Data Mining_ Concepts and Techniques - Jiawei Han [290]
To overcome the difficulty in using one set of global parameters in clustering analysis, a cluster analysis method called OPTICS was proposed. OPTICS does not explicitly produce a data set clustering. Instead, it outputs a cluster ordering. This is a linear list of all objects under analysis and represents the density-based clustering structure of the data. Objects in a denser cluster are listed closer to each other in the cluster ordering. This ordering is equivalent to density-based clustering obtained from a wide range of parameter settings. Thus, OPTICS does not require the user to provide a specific density threshold. The cluster ordering can be used to extract basic clustering information (e.g., cluster centers, or arbitrary-shaped clusters), derive the intrinsic clustering structure, as well as provide a visualization of the clustering.

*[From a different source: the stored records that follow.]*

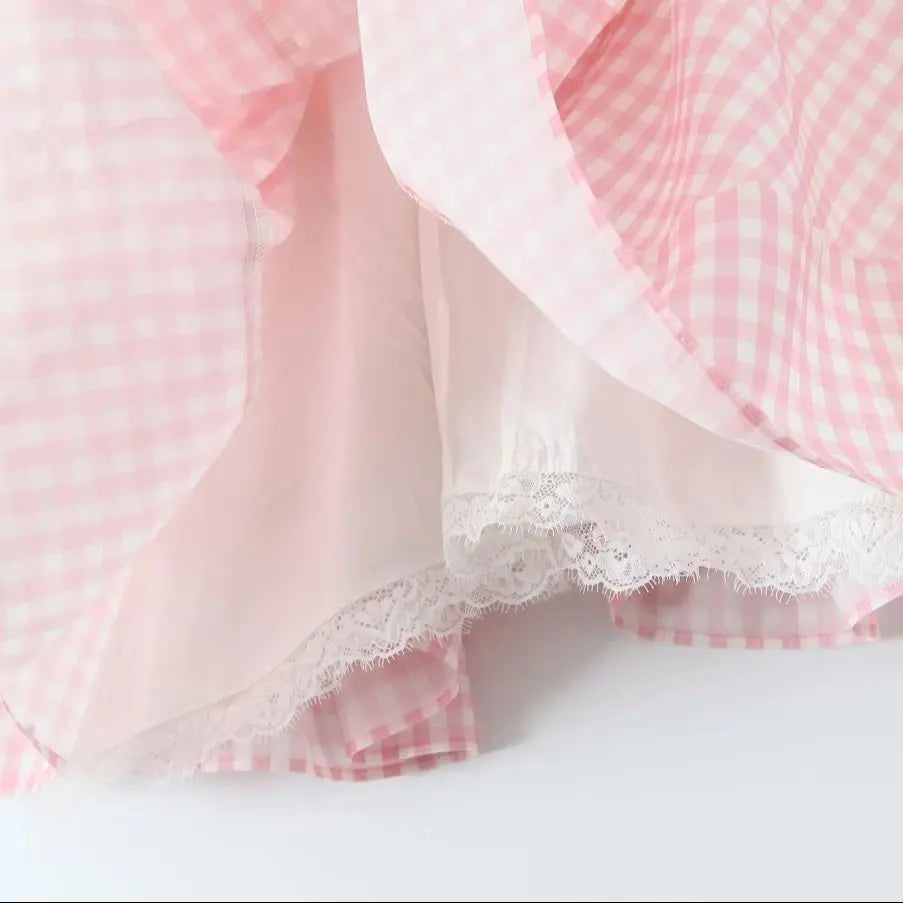 Pink Plaid Lace Corset Style Mini Dress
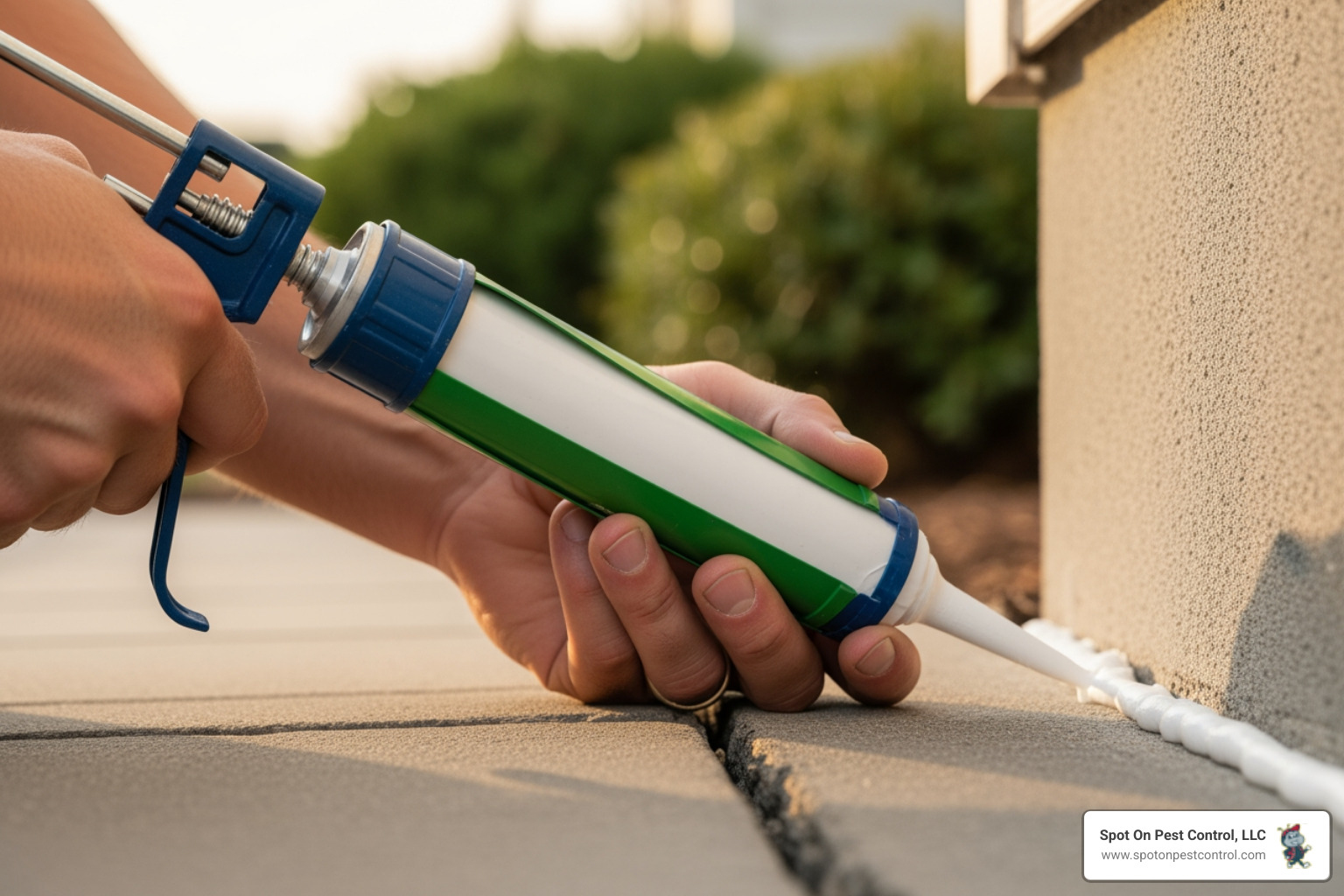 illustrating a preventative measure, like sealing a crack in a home's foundation - fire ant exterminator lufkin tx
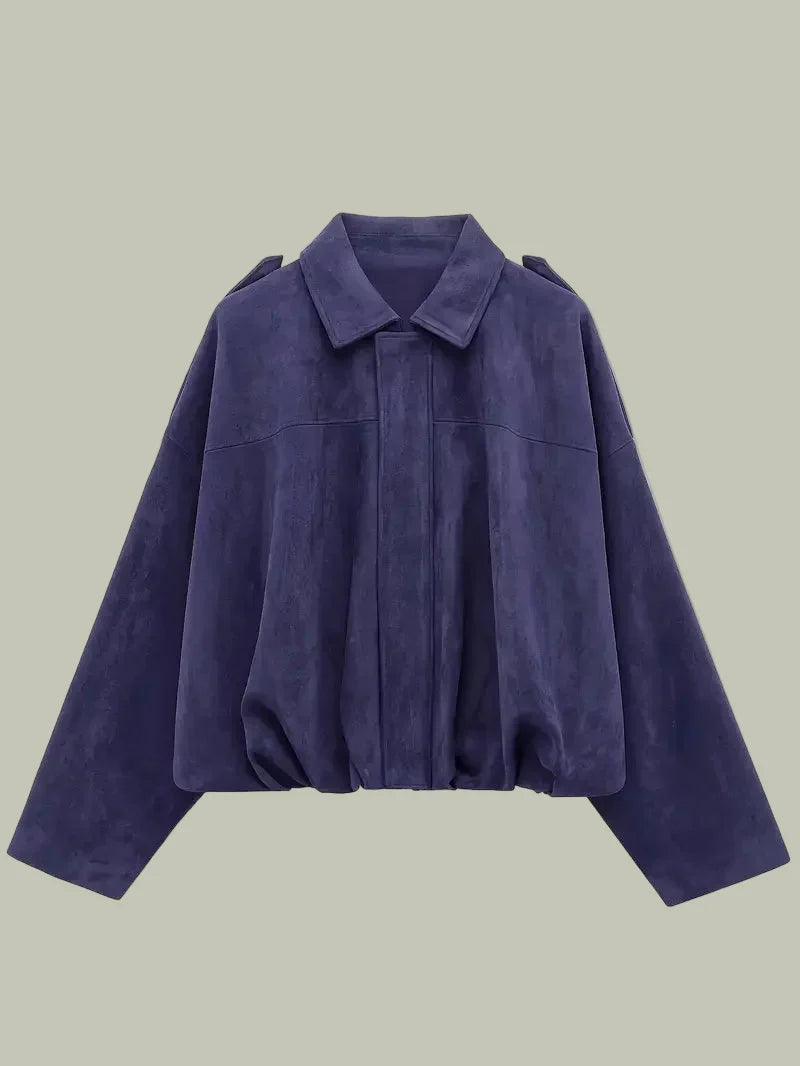 Kvinnes Oversized Faux Suede Jakke for Chic Stil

To construct the different clusterings simultaneously, the objects are processed in a specific order. This order selects an object that is density-reachable with respect to the lowest ϵ value so that clusters with higher density (lower ϵ) will be finished first. Based on this idea, OPTICS needs two important pieces of information per object:
■ The core-distance of an object p is the smallest value ϵ′ such that the ϵ′-neighborhood of p has at least MinPts objects. That is, ϵ′ is the minimum distance threshold that makes p a core object. If p is not a core object with respect to ϵ and MinPts, the core-distance of p is undefined.
■ The reachability-distance to object p from q is the minimum radius value that makes p density-reachable from q. According to the definition of density-reachability, q has to be a core object and p must be in the neighborhood of q. Therefore, the reachability-distance from q to p is max{core-distance(q), dist(p, q)}. If q is not a core object with respect to ϵ and MinPts, the reachability-distance to p from q is undefined.

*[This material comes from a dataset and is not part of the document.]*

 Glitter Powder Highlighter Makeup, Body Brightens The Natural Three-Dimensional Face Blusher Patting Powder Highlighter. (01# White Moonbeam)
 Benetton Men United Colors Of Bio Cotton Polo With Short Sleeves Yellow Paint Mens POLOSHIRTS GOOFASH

An object p may be directly reachable from multiple core objects. Therefore, p may have multiple reachability-distances with respect to different core objects. The smallest reachability-distance of p is of particular interest because it gives the shortest path for which p is connected to a dense cluster.
Core-distance and reachability-distance
Figure 10.16 illustrates the concepts of core-distance and reachability-distance. Suppose that #x03F5; = 6 mm and MinPts = 5. The core-distance of p is the distance, ϵ′, between p and the fourth closest data object from p. The reachability-distance of q1 from p is the core-distance of p (i.e., ϵ′ = 3 mm) because this is greater than the Euclidean distance from p to q1. The reachability-distance of q2 with respect to p is the Euclidean distance from p to q2 because this is greater than the core-distance of p.
Figure 10.16 OPTICS terminology. Source: Based on Ankerst, Breunig, Kriegel, and Sander [ABKS99].
OPTICS computes an ordering of all objects in a given database and, for each object in the database, stores the core-distance and a suitable reachability-distance. OPTICS maintains a list called OrderSeeds to generate the output ordering. Objects in OrderSeeds are sorted by the reachability-distance from their respective closest core objects, that is, by the smallest reachability-distance of each object.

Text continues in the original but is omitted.